INSTRUCTIONS FOR THE TASK: Restate word for word the entries below, starting at the line with "Today I'm going" and ending at the line with "Step 4. Click". Keep both end lines and omit the pictures.

***** DATA SHOWN

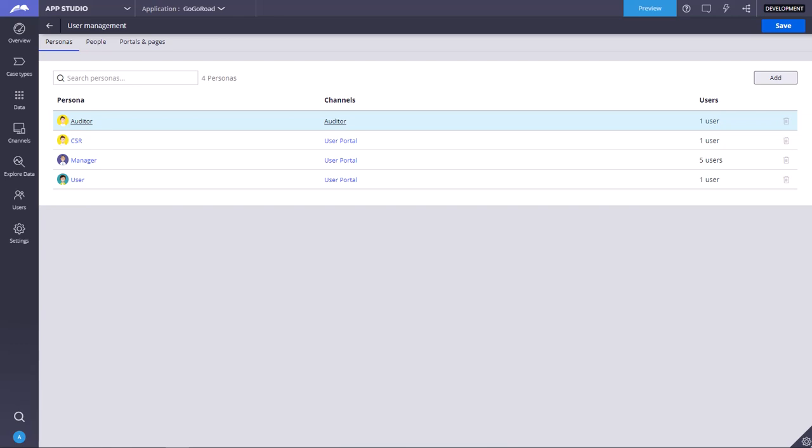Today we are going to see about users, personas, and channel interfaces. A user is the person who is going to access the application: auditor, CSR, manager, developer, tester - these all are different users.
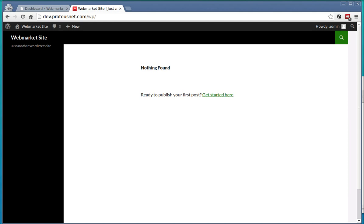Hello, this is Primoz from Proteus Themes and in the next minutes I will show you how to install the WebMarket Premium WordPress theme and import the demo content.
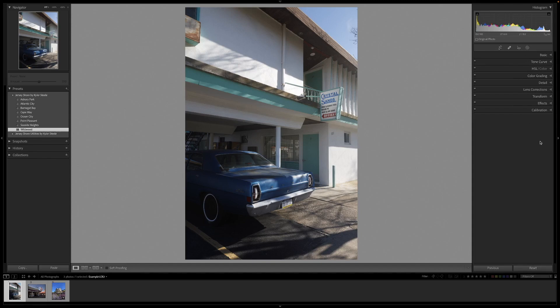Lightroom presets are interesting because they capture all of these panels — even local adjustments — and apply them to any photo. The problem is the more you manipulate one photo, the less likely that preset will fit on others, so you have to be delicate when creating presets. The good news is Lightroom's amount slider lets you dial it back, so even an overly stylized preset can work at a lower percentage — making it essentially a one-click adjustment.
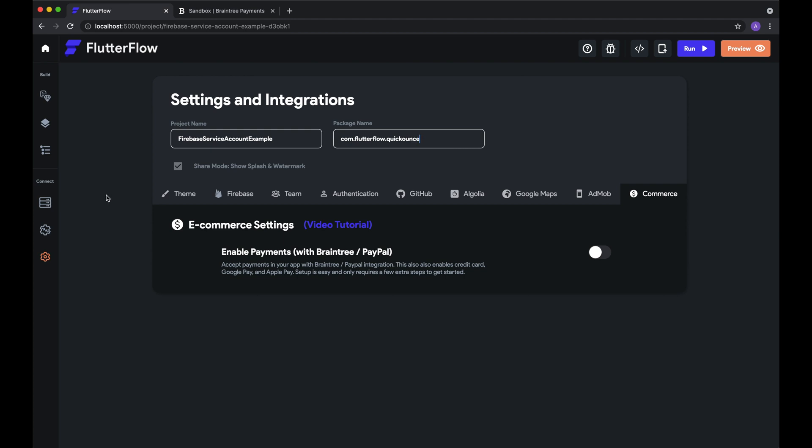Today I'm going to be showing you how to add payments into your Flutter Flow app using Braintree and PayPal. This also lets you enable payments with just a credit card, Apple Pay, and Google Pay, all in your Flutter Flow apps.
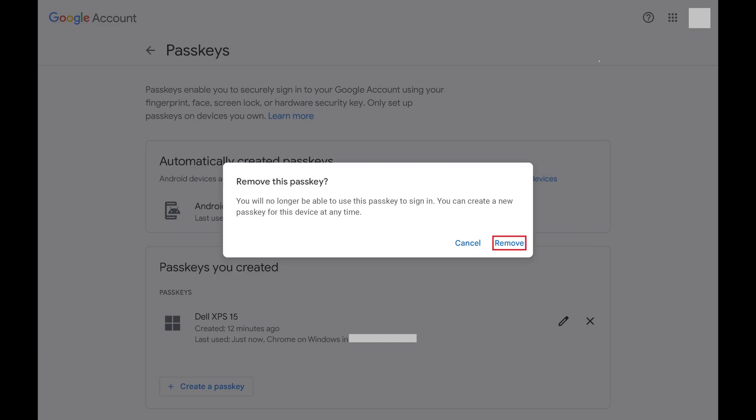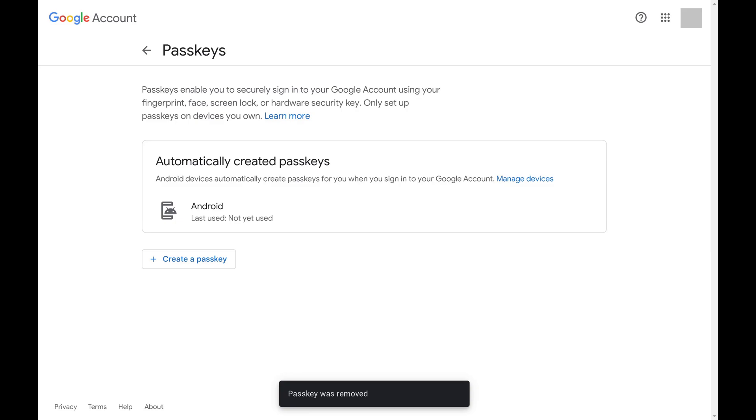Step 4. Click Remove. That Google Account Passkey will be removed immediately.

**********
***** DATA SHOWN

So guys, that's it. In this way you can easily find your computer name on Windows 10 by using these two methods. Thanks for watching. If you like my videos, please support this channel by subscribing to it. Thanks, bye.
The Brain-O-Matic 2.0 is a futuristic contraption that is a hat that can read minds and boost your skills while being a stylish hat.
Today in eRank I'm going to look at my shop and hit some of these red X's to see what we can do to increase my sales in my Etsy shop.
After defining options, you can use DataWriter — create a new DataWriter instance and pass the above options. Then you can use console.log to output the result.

**********

WORKED SOLUTION:
Today I'm going to be showing you how to add payments into your Flutter Flow app using Braintree and PayPal. This also lets you enable payments with just a credit card, Apple Pay, and Google Pay, all in your Flutter Flow apps.
Step 4. Click Remove. That Google Account Passkey will be removed immediately.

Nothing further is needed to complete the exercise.